Everything in the listing below has to be repeated exactly, except the pictures.

GIVEN INFORMATION START

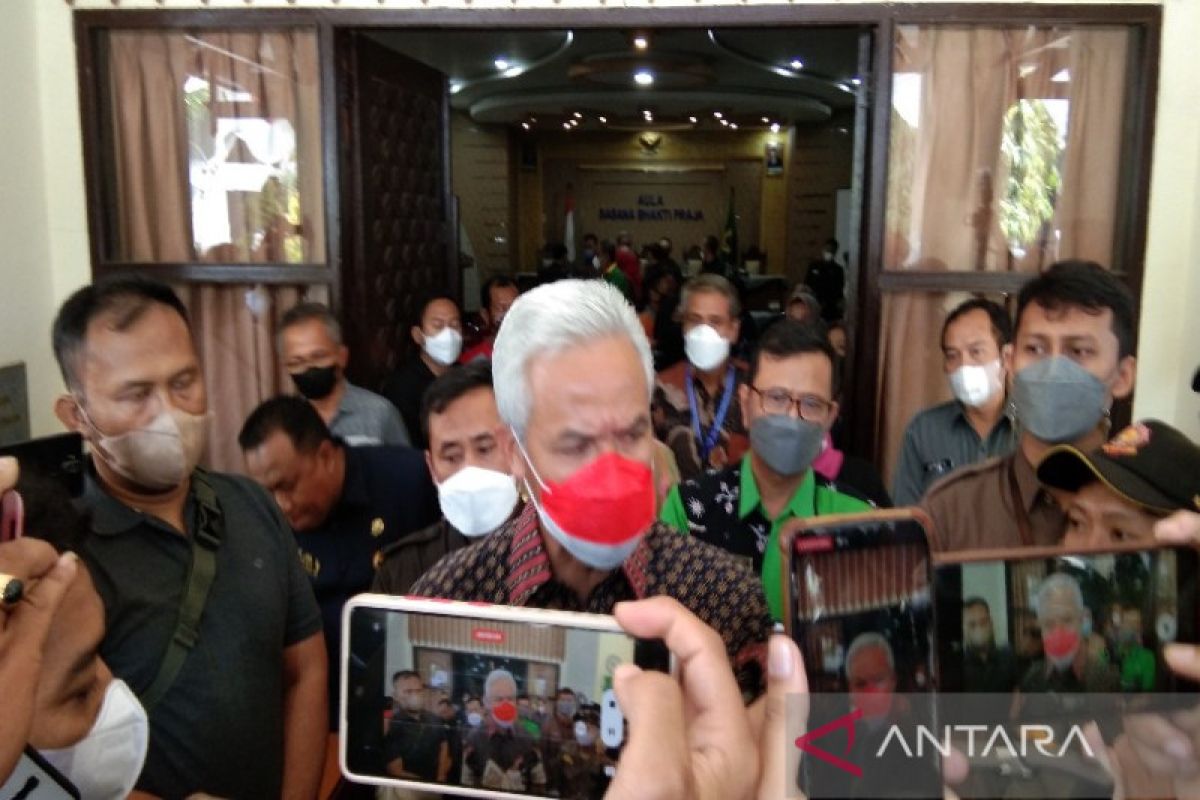 Bangun pertanian pangan alternatif di Jateng, Ganjar Pranowo ajak ilmuwan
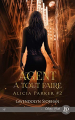 Couverture Alicia Parker, tome 2 : Agent à tout faire Editions Juno Publishing (Hecate) 2022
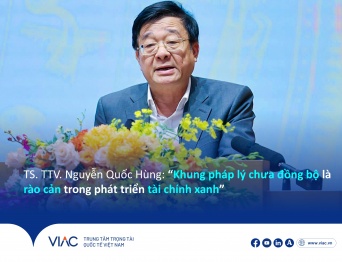TS. TTV. Nguyễn Quốc Hùng: “Khung pháp lý chưa đồng bộ là rào cản trong phát triển tài chính xanh”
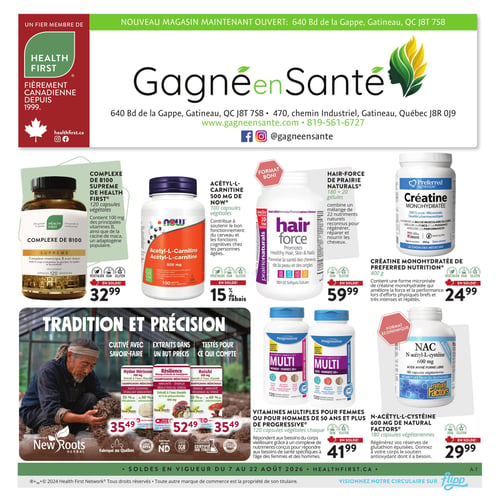 Circulaire Gagné en Santé - Page 1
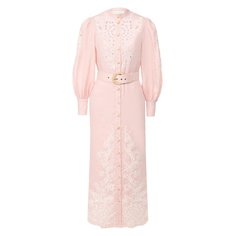 Льняное платье Zimmermann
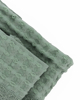 Immagine di SOLO SOPRANI - Coppia asciugamani verdi in spugna - 100% COTONE
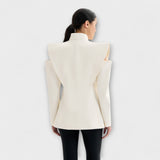 Sommerfeld™ | Valeria – Skulpturaler Schulterblazer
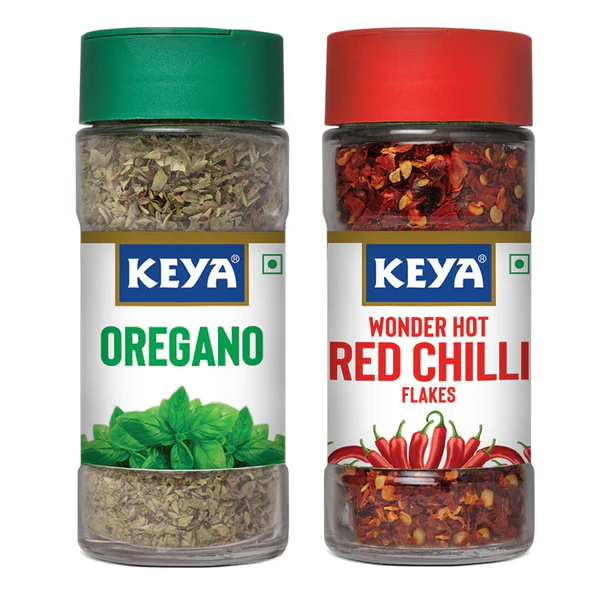 Keya Oregano 15g | Red Chilli Flakes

GIVEN INFORMATION END

**YOUR SOLUTION:**
 Bangun pertanian pangan alternatif di Jateng, Ganjar Pranowo ajak ilmuwan
 Couverture Alicia Parker, tome 2 : Agent à tout faire Editions Juno Publishing (Hecate) 2022
TS. TTV. Nguyễn Quốc Hùng: “Khung pháp lý chưa đồng bộ là rào cản trong phát triển tài chính xanh”
 Circulaire Gagné en Santé - Page 1
 Льняное платье Zimmermann
 Immagine di SOLO SOPRANI - Coppia asciugamani verdi in spugna - 100% COTONE
 Sommerfeld™ | Valeria – Skulpturaler Schulterblazer
 Keya Oregano 15g | Red Chilli Flakes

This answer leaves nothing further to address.